VIEW: Big tech needs regulation but government action no solution – By Swaminathan S Anklesaria Aiyar (The Economic Times) / Oct 25 2020
Synopsis: Some aspects of the internet giants (including Google) should be regulated. Their tax loopholes should be closed. But the reason is less their monopoly power than unanticipated side-effects such as privacy problems and proliferation of hate speech and falsehoods.
I am among those favouring regulation of the internet giants — Google, Facebook, Amazon, Apple, and Microsoft — because of their humungous control of viewers’ data (raising issues of privacy and national security) and unintended role in spreading falsehoods and hate speech. But I am sceptical of the US government’s move to prosecute and break up Google, claiming advertisers and viewers are harmed by its being “the unchallenged gateway to the internet for billions of users worldwide”.

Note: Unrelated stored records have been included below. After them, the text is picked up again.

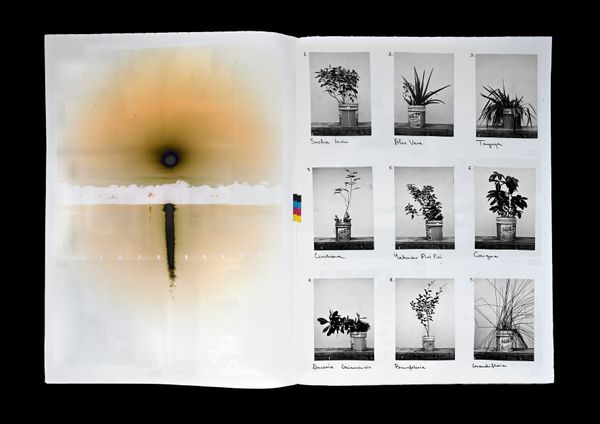 © Olivia Wunsche - Image from the The Falling Sky photography project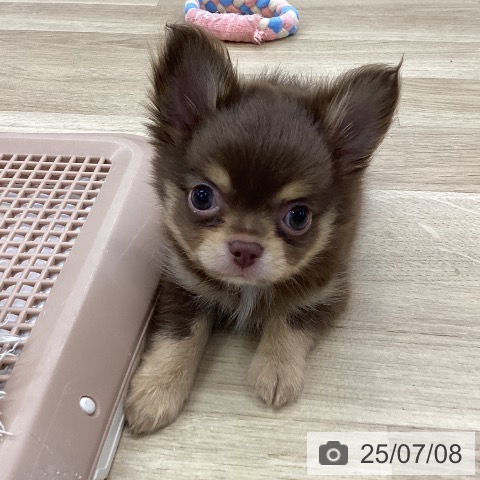 チワワの写真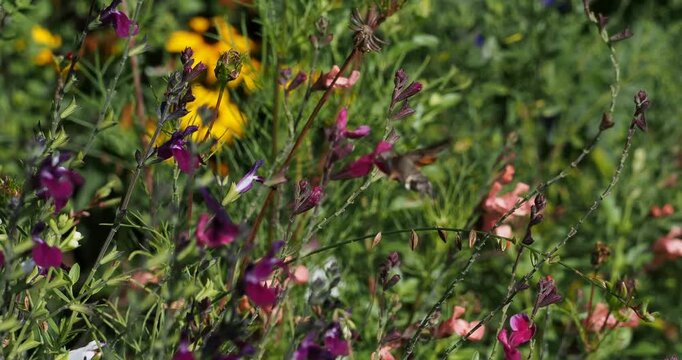 (Macroglossum stellatarum) Hummingbird hawk-moth hovering in air feeding on the nectar of narrow tubular corollas of sage flowers using its long proboscis hovering in air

A brilliant policy paper by Ryan Bourne of the Cato Institute, ‘Is This Time Different’, shows that anti-monopoly cases can end farcically, with the supposed monopoly being ousted by new innovations. Economist Joseph Schumpeter said the “creative destruction” of innovation constantly killed established giants, creating new ones. Innovation, rather than government controls on market share, was the key killer of monopolies.
IBM seemed a classic monopolist in mainframe computers in the 1970s. An anti-trust case against IBM lasted 13 years but then collapsed since the personal computer and laptop killed IBM’s supposed mainframe monopoly. They are in turn threatened by the smartphone.